Please reproduce the listing below exactly, leaving out every picture.

### SOURCE MATERIAL
━━━━━━━━━━━━━━━━━━━━

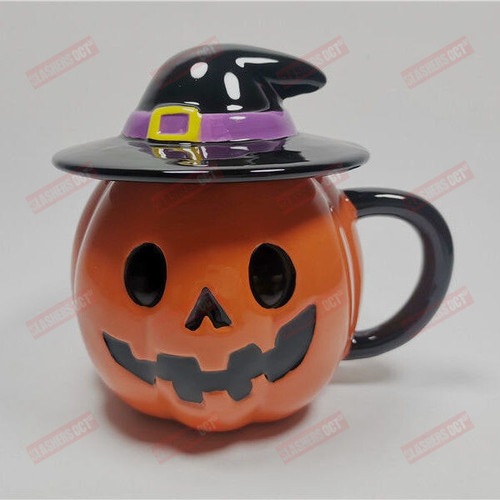 Halloween Pumpkin Cup Witch Hat Ceramic Cup Mug With Lid 3D Christmas Eve Mischief Handmade Kawaii Birthday Gift For Adult Kid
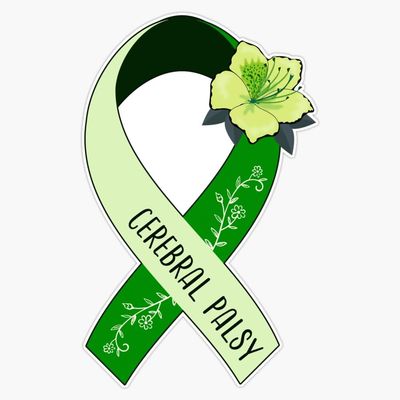 Cerebral Palsy Awareness, Cerebral Palsy Ribbon Sticker Vinyl Decal Car Laptop Wall Window Bumper Sticker 5"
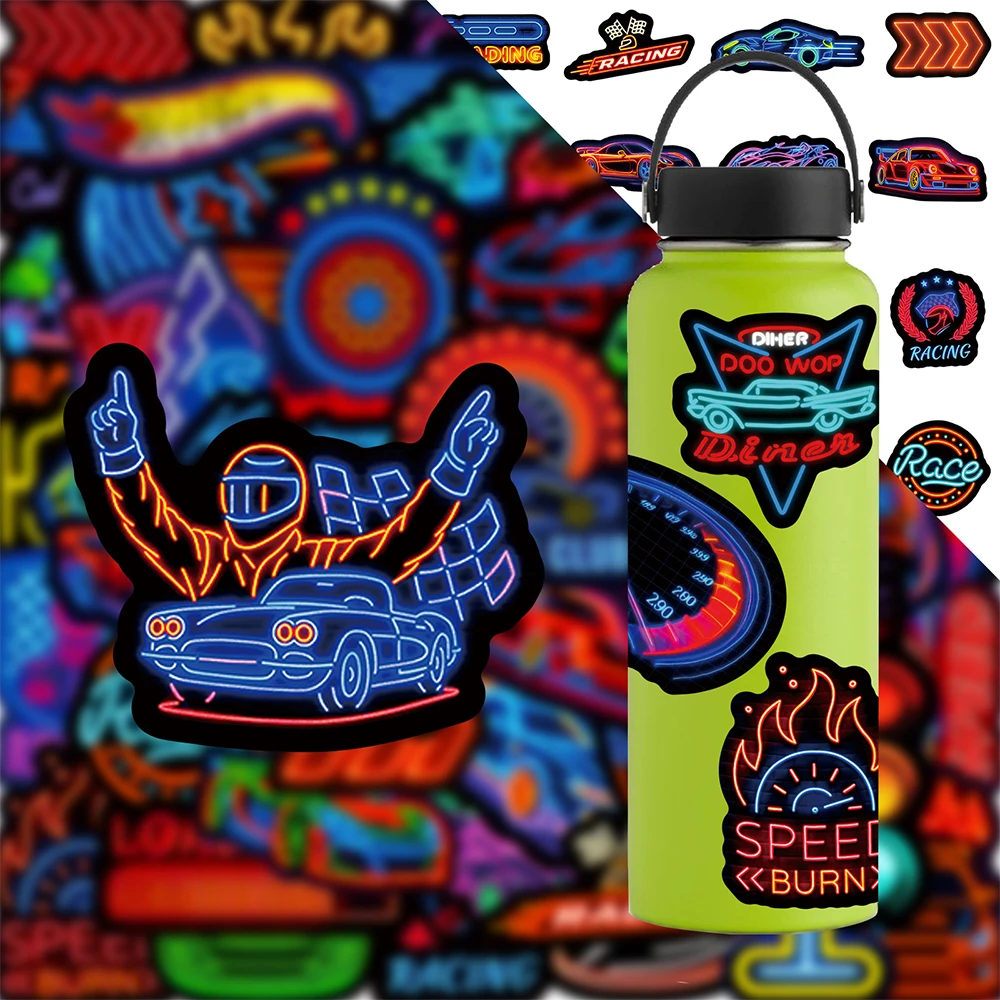 

10/30/50pcs Cool Racing Cartoon Stickers Neon Light Series Decals Kid Toy DIY Notebook Guitar Laptop Waterproof Graffiti Sticker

━━━━━━━━━━━━━━━━━━━━

### EXERCISE RESULT
 Halloween Pumpkin Cup Witch Hat Ceramic Cup Mug With Lid 3D Christmas Eve Mischief Handmade Kawaii Birthday Gift For Adult Kid
 Cerebral Palsy Awareness, Cerebral Palsy Ribbon Sticker Vinyl Decal Car Laptop Wall Window Bumper Sticker 5"

10/30/50pcs Cool Racing Cartoon Stickers Neon Light Series Decals Kid Toy DIY Notebook Guitar Laptop Waterproof Graffiti Sticker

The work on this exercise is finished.